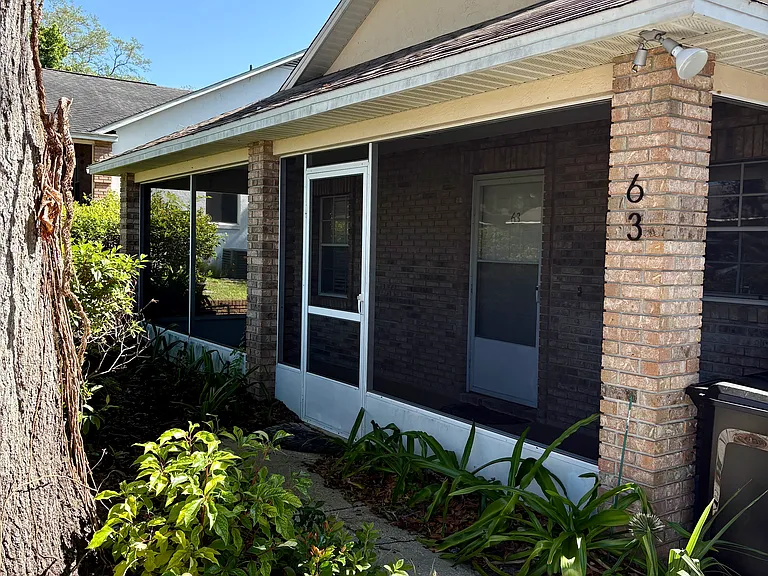Ivy Ln — Photo 10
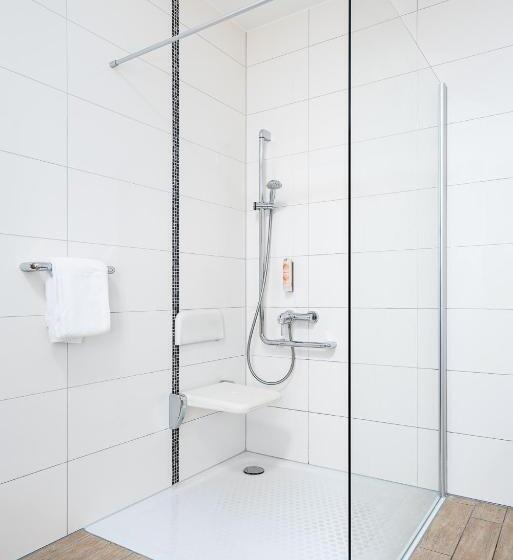 חדר סטנדרט מותאם לאדם עם מוגבלויות, Classicx Landhaus & Hotel   Bed & Breakfast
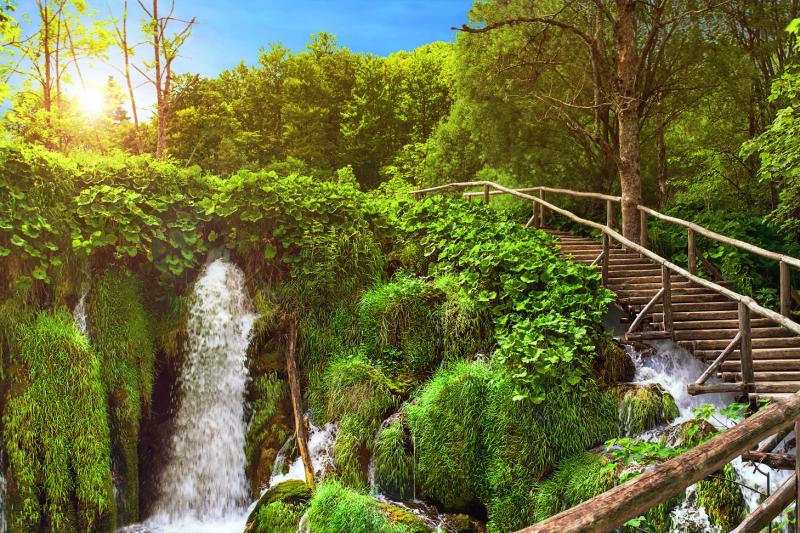 Guided Transfer from Zagreb to Omiš with stop at Plitvice Lakes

:: INSTRUCTIONS TO FOLLOW ::
Reproduce the data above exactly, leaving out any picture in it.

:: SOLUTION ::
Ivy Ln — Photo 10
 חדר סטנדרט מותאם לאדם עם מוגבלויות, Classicx Landhaus & Hotel   Bed & Breakfast
 Guided Transfer from Zagreb to Omiš with stop at Plitvice Lakes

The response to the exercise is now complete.